The Language of Landscape and Business

Anne Whiston Spirn speaks of the language of the landscape as parts of speech, each with separate functions and associations.

Flowing, like a verb, is expressed in both water and path. Water and path, like nouns are actions’ agents and objects; like adjectives or adverbs, their qualities of wetness or breadth extend meaning. Elements do not exist in isolation, but rather combine in significant ways, like words in a phrase, clause, or sentence, to make a tree, fountain, street, or a larger, more complex landscape—garden, town or forest.

— Anne Whiston Spirn, The Language of Landscape

Elements of organizations, like landscapes, also do not exist in isolation and they can be combined in significant ways to make a more complex entity. Design helps people see the potential in recombining or reordering these elements in order to create a new organization or service. New businesses are being born that combine pieces that were previously mutually exclusive. 

In early 2015, McKinsey & Company acquired Silicon Valley’s oldest design firm, LUNAR. This event in particular signaled that the business world has started taking design seriously.
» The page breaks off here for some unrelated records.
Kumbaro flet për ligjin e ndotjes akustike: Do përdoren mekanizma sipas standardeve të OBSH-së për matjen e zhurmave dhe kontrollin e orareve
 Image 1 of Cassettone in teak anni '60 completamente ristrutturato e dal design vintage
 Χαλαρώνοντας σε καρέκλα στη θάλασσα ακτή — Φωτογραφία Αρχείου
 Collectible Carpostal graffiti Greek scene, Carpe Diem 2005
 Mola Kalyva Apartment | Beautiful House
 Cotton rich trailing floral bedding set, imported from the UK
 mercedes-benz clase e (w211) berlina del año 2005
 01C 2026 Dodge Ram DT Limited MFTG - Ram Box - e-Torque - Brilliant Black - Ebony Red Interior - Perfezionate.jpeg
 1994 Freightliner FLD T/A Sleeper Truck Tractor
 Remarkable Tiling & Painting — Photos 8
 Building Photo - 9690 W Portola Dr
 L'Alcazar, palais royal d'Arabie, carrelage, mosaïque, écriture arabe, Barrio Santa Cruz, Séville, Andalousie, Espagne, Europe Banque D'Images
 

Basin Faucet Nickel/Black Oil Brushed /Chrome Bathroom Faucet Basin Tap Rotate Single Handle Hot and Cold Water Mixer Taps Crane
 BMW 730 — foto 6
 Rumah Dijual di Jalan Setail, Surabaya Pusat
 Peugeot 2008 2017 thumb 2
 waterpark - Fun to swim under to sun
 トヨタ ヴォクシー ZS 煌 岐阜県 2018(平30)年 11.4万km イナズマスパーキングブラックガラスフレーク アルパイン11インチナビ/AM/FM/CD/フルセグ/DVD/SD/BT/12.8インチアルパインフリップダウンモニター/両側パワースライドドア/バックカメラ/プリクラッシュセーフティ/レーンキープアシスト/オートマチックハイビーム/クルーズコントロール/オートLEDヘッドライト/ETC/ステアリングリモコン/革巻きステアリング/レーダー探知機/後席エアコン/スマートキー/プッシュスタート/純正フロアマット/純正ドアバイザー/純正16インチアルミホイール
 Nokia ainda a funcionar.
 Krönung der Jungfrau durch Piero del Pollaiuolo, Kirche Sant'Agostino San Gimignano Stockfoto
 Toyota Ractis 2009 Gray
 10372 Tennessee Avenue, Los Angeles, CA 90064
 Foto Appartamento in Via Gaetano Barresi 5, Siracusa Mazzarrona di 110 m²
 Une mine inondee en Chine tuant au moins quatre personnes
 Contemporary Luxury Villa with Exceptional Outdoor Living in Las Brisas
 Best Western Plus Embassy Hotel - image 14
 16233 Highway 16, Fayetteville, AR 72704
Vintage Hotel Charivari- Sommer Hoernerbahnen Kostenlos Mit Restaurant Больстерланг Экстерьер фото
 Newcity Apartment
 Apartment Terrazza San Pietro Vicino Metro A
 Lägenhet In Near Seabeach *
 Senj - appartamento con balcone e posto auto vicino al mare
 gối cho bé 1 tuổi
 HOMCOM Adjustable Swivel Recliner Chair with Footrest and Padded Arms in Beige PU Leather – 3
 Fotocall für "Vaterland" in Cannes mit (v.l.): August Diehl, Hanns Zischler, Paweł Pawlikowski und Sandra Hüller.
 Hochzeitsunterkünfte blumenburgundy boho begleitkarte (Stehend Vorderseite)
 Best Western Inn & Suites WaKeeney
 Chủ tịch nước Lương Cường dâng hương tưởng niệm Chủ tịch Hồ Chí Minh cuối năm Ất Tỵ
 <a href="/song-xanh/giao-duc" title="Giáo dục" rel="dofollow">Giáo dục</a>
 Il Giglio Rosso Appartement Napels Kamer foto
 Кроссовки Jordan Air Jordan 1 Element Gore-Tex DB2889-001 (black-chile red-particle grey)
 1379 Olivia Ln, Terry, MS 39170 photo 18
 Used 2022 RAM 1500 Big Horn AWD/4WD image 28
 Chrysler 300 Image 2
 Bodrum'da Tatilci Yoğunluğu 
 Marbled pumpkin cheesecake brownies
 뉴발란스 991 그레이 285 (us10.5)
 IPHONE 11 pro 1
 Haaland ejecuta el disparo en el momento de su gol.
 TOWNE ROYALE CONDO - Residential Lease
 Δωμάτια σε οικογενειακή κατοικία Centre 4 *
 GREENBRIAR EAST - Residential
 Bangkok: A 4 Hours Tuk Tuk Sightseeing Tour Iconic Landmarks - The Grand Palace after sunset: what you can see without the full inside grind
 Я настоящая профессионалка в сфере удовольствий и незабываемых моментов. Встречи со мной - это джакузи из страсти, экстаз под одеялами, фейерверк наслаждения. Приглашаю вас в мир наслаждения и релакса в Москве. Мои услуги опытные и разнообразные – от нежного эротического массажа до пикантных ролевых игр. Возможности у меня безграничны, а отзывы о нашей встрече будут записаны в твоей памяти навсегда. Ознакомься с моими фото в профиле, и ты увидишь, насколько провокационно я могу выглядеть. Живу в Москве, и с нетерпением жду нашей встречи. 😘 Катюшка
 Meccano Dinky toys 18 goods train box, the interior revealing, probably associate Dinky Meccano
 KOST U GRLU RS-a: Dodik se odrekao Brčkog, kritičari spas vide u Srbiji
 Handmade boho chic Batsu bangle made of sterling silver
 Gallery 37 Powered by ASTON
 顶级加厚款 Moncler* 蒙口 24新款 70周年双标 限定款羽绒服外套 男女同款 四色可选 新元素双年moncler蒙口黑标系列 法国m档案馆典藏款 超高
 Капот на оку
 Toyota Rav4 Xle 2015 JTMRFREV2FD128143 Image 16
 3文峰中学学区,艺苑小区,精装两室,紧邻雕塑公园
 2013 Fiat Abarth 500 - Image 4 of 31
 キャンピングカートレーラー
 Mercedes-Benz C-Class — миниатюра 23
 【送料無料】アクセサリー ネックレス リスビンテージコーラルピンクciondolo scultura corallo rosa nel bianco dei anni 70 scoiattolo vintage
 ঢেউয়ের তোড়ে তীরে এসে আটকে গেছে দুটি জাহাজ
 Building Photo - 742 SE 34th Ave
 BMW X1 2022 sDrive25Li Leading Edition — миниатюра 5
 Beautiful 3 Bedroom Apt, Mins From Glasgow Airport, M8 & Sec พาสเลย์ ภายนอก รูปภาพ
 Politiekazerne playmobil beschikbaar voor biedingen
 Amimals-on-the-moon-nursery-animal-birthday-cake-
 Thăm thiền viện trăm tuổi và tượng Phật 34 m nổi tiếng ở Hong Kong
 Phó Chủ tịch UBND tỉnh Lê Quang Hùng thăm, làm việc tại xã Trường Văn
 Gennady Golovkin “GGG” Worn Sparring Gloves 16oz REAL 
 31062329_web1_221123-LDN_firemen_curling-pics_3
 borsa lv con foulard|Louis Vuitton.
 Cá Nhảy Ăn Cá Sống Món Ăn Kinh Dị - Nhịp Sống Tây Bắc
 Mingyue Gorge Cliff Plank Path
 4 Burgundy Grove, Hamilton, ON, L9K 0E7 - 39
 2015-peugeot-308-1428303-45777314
A recent article in Fast Company also noted several other important acquisitions: the Chinese communication group BlueFocus acquired Yves Béhar’s Fuseproject, and the banking giant Capital One bought Adaptive Path. These developments are important because design is going in-house and designers will be in a better position to help executives develop a business’s potential and contribute to conversations on strategy.

The landscape for business is changing quickly. Those armed with the ability to help their customers structure their business environment to meet their needs will be in the best position to create long-term growth.

As business becomes more fluid, the very nature of the development of strategy may need to change. I see strategy as design.